Bonjour MONSIEUR, de quel front oserez-vous m’aborder et me demander la confiance dans ces paroles FALLACIEUSES que vous me répétez toutes les nuits ? : « Je vais revenir, tu sais quand je te dis cela que je tiens ma promesse ? Je vais revenir, je vais revenir. » Oui croyez cela, buvez de l’eau et brossez-vous le ventre au soleil, vous ne manquerez pas de fluxion de poitrine. Je suis furieuse, entendez-vous ? Je suis dans une colère qui ne s’exprime pas et si vous ne me donnez pas mon dimanche demain je suis capable de me porter à quelquea extrémité sur votre personne royale et sacrée, mâtin que vous êtes. Je viens d’écrire à mon épicier pour lui demander les choses les plus nécessaires et cependant je crains de n’avoir pas assez d’argent, il ne me reste déjà plus que 25 F. des 30 F. que tu m’as donnés et à vue de [illis.] je crois qu’il m’en faudra 34 F. ou 36 F. pour l’épicier. Je te dis cela mon petit homme pour ta gouverne et puis je t’aime de toute mon âme. Baise-moi et aime-moi. Il fait toujours un froid de loup. Comme je ne pense pas que tu me fassesb sortir aujourd’hui je vais écrire une lettre à la mère Pierceau pour l’engager à venir demain. Je ne serais pas fâchée de lui lire à elle les journaux d’hier. Ils sont gentils et agréables et moi je triomphe. Baisez-moi mon amour et venez si vous m’aimez.

Juliette

BnF, Mss, NAF 16341, f. 188-189
Transcription de Chantal Brière

a) « quelqu’ ».
b) « fasse ».


22 février [1840], samedi soir, 5 h. ¾

Le petit garçon en revenant de l’école m’a apporté [sa ? ma ?] lettre. Tu la verras ce soir, mon amour. Je t’aime, je t’adore, pense à moi, aime-moi et prends bien soin de ta chère petite personne adorée.
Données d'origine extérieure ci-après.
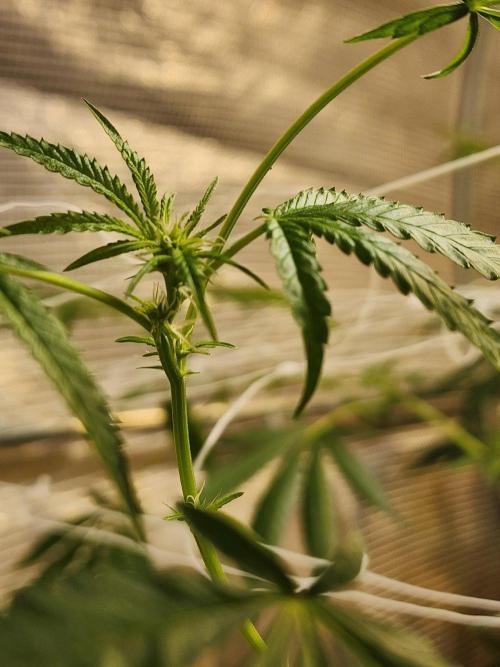 Apricot Scone. Week 20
J’ai trouvé la mère Pierceau en bonnet de nuit en compagnie de deux dames amies de Mme Triger qui se sont en allées presque tout de suite. Moi je jabote, je jabote tout en t’écrivant, j’entremêle mon griffonnage de Viennet, de Chateaubriand, du Charivari, du Siècle, des Débats, du Vert-Vert [1] et de la presse. Enfin je fais ma petite blague [2]. Il paraît que la pièce de Scribe n’a pas beaucoup réussia. Enfin tout est pour le mieux et je triomphe sur l’air de Fernand Cortès [3] ton, ton, ton, ton, ton, ton, ton, ton. Vous êtes plus que jamais mon grand Toto et je vous permets d’être recandidat puisque c’est si amusant que ça. Baisez-moi vieille bête. Baisez-moi et n’ayez pas froid. Mon Dieu que je t’aime, mon Dieu que je vous aime, Toto tu es beau, Toto tu es jeune, Toto tu n’as pas 38 ans, Toto tu es adorable, Toto tu es ravissant, Toto je t’aime, Toto tu es noble. Oh ! oui bien noble, bien admirable, bien grand et bien dévoué et bien adoré. Car mon âme, mes yeux, mon esprit, ma vie, mon cœur, tout est amour, je t’aime, je t’adore. Je te baise tes chers petits pieds, je les réchauffe avec mon souffle. Baise-moi.

Juliette

BnF, Mss, NAF 16341, f. 190-191
Transcription de Chantal Brière

a) « réussie ».

Notes

[1Quotidien de critique théâtrale et littéraire auquel Hugo contribua.

[2La « petite blague » est de calomnier la pièce de Scribe, créée le 20 février, et précisément intitulée La Calomnie.

[3Fernand Cortez ou la Conquête du Mexique de Gaspard Spontini, 1808.